The work is divided into an introduction followed by five chapters. Political thought and the theme of libertas in Tacitus have been topics of scholarly concern for over half a century, and the introduction and first chapter require a fair amount of scholarship review. In his introduction, “History after Libertas ”, Strunk establishes that Tacitus’ continual efforts to illustrate the lack of continuity between Republic and Principate suggest that the Principate is an autocracy, that there is a clear disjunction between Principate and libertas, that Tacitus himself is writing after the fall of libertas, and that he is not a “subversive politician” but a “revolutionary writer” (4). Examining Tacitus through the lens of libertas brings the author’s didactic aims to the fore: Strunk’s Tacitus illustrates the necessity of resistance to tyranny and his exempla are intended to teach readers how to create a just, republican polity to replace the current autocracy.

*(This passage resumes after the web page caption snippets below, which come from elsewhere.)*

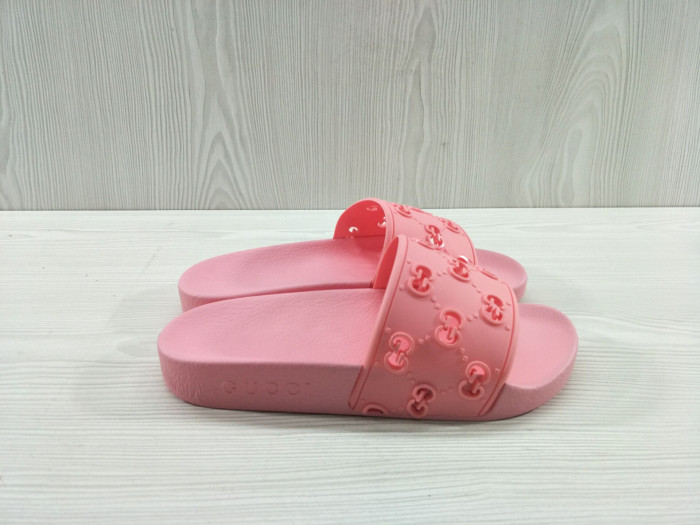 GU SLIDE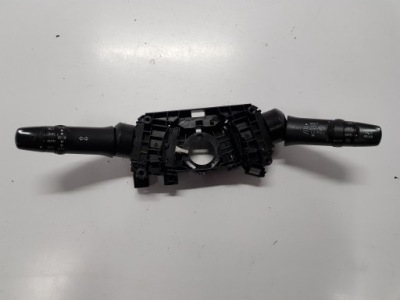 Mitsubishi asx 10r переключатель комбинированный 8617a012 фото №1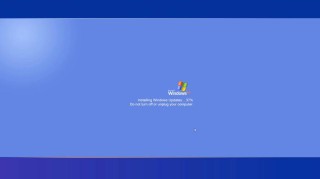 UFO²  – 微软推出的 Windows 桌面 Agent 操作系统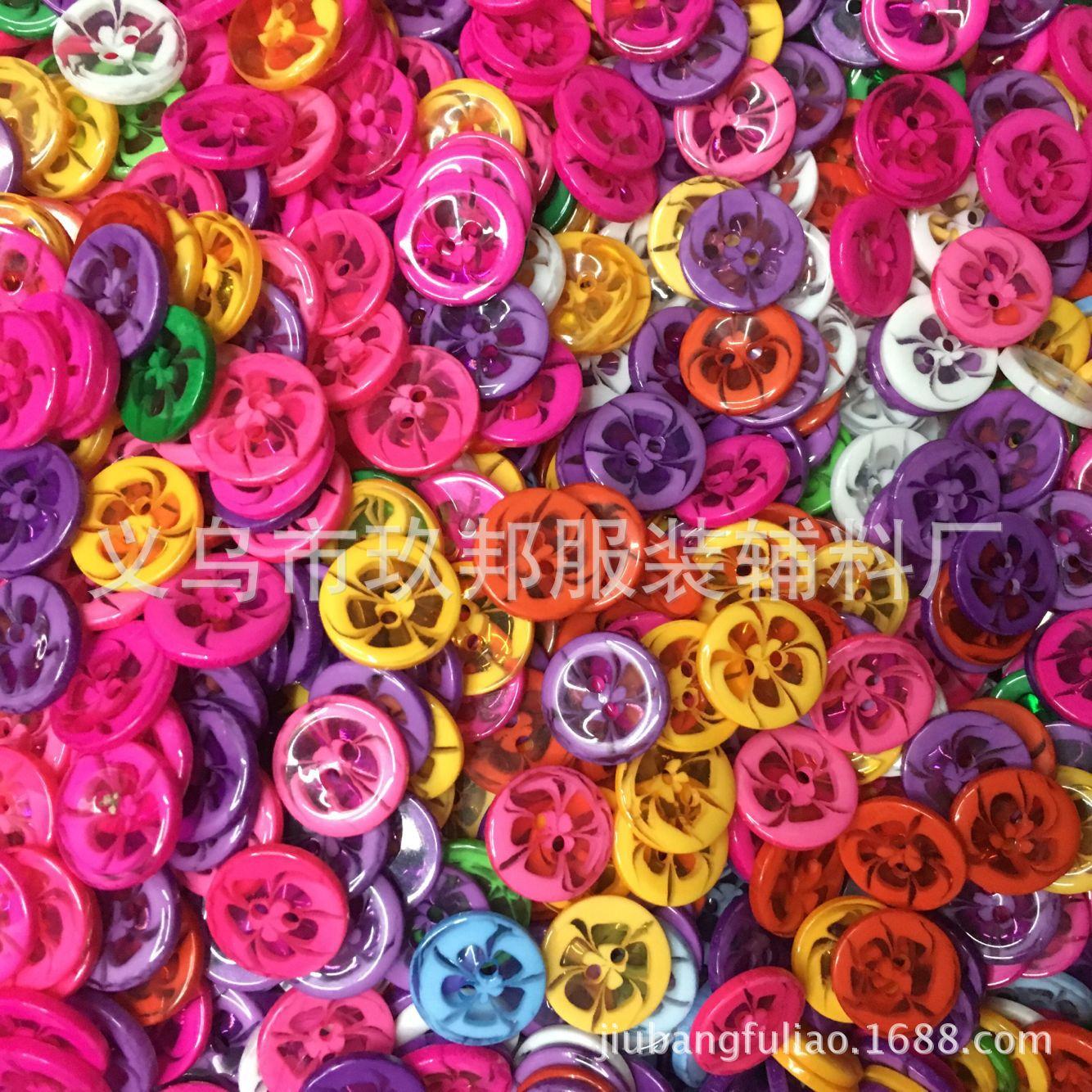 95402A54AE5EF1A9D3B23A689B9FD9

Chapter one, “ Libertas and the Political Thought of Tacitus,” introduces Tacitus’ idea of political libertas. Strunk places his work in opposition to those who have suggested biographical facts about Tacitus’ life can and should be used as evidence for the interpretation of his political thought. On Strunk’s reading, Tacitus’ life cannot be assumed to have had a great impact on his writings. Strunk contextualizes his assertion that Tacitus was a republican in relationship to those who have debated whether Tacitus was a republican, monarchist, or something in-between, and situates his study of libertas as a partial response to the seminal work of Wirszubski, cited throughout the book. 1 Sailor’s Writing and Empire in Tacitus is also addressed in many of Strunk’s assertions, although Sailor’s analyses of rhetorical techniques are not always apropos to the current study. 2 One wonders whether a closer engagement with Liebeschuetz’s account of the consequences of the loss of libertas in the Agricola would not be helpful at the outset; the work is cited once (49 n.30), yet is fundamental to the study of libertas in Tacitus.3 Strunk begins by comparing Agricola 42.4 and Annals 4.20, passages seen as indications that Tacitus was a “middle-way” writer offering an apologia for his career, and reinterprets both as evidence that Tacitus was a republican: both passages emphasize the individual’s choice to act for the common good of the state rather than for personal gain, a characteristic of republicans. Strunk suggests Tacitus viewed his own writings as also benefitting the common good, and “therefore participating in the restoration of a republic” (22). This claim is argued fully in chapter five, but the initial proposal guides readers to look for hints of this final reveal throughout the intervening chapters.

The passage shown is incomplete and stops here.